|This was the first time we saw the Jaffe Gate in Jerusalem in June 2009.|
Saturday, April 23, 2016
The Last Words Of The Seder
The Passover holiday seems to have snuck up on me this year. We have yet to find a synagogue near us and I haven’t been on Facebook much lately so my awareness of the Jewish calendar is sorely lacking as of late. It is a process at times to keep track of everything and the last month it has been hard to keep track of anything except what needs to be done in the moment. It is almost antithetical to that which we celebrate during this holiday as we look to both the past and the future. For those of you who may be unfamiliar with the holiday, here is a great summary from Chabad.org:
After many decades of slavery to the Egyptian pharaohs, during which time the Israelites were subjected to backbreaking labor and unbearable horrors, G‑d saw the people’s distress and sent Moses to Pharaoh with a message: “Send forth My people, so that they may serve Me.” But despite numerous warnings, Pharaoh refused to heed G‑d’s command. G‑d then sent upon Egypt ten devastating plagues, afflicting them and destroying everything from their livestock to their crops.
At the stroke of midnight of 15 Nissan in the year 2448 from creation (1313 BCE), G‑d visited the last of the ten plagues on the Egyptians, killing all their firstborn. While doing so, G‑d spared the Children of Israel, “passing over” their homes—hence the name of the holiday. Pharaoh’s resistance was broken, and he virtually chased his former slaves out of the land. The Israelites left in such a hurry, in fact, that the bread they baked as provisions for the way did not have time to rise. Six hundred thousand adult males, plus many more women and children, left Egypt on that day, and began the trek to Mount Sinai and their birth as G‑d’s chosen people.

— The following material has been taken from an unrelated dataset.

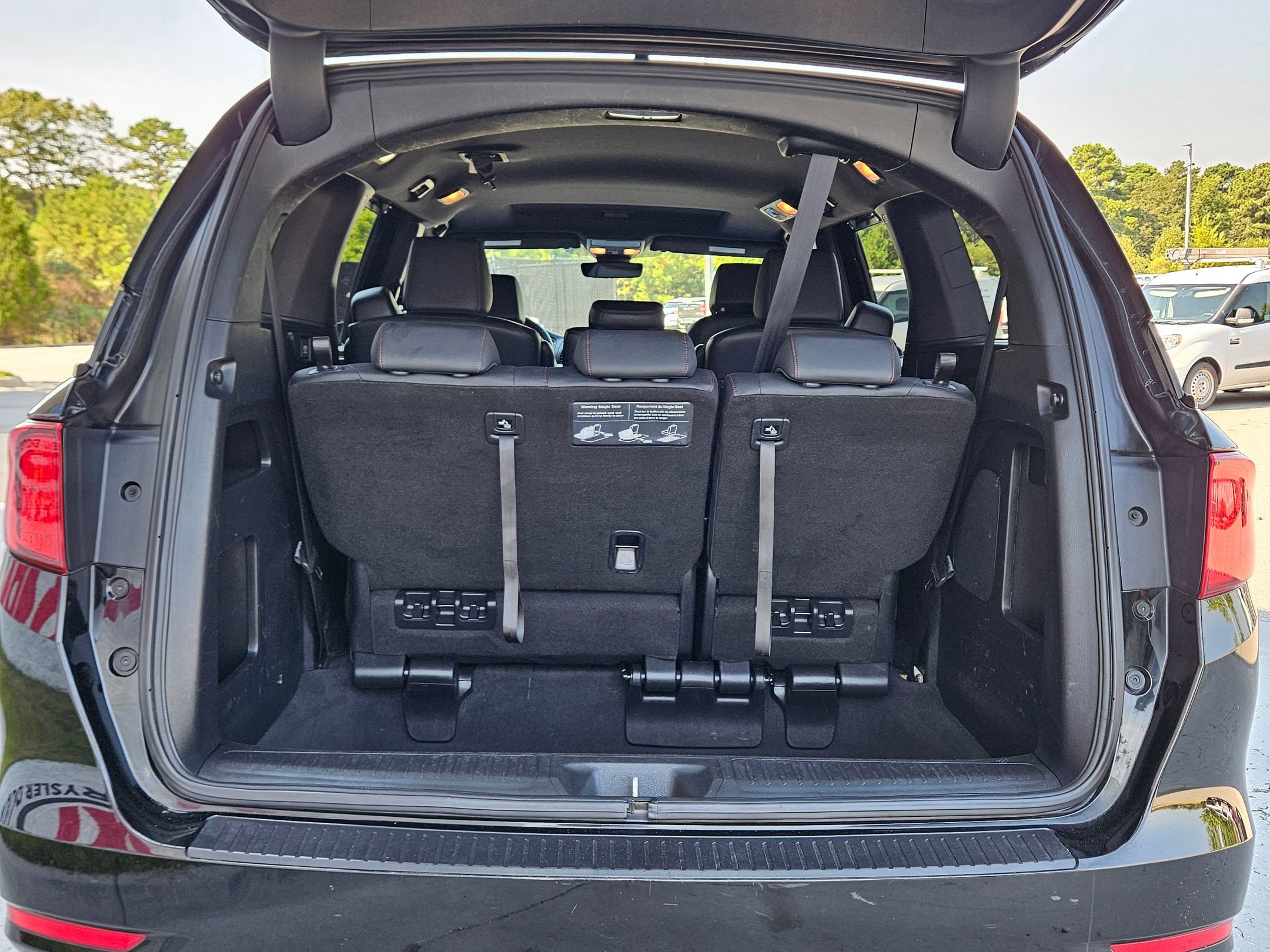 2023 Honda Odyssey Sport photo 30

However, what really makes me wonder and forces me to think is the line with which we end the seder… “Next Year In Jerusalem!” Not only does it make me reflect on the story itself but also my own journey through life and it makes me wonder how things would have been different had we stayed, even just a little bit longer, in Jerusalem. And when I think of this I can’t help but hope that one day we will be able to share our love for Israel with our son. We want him to know the land, the people, the history, the meaning, and the heart of Israel. So, maybe, next year in Jerusalem.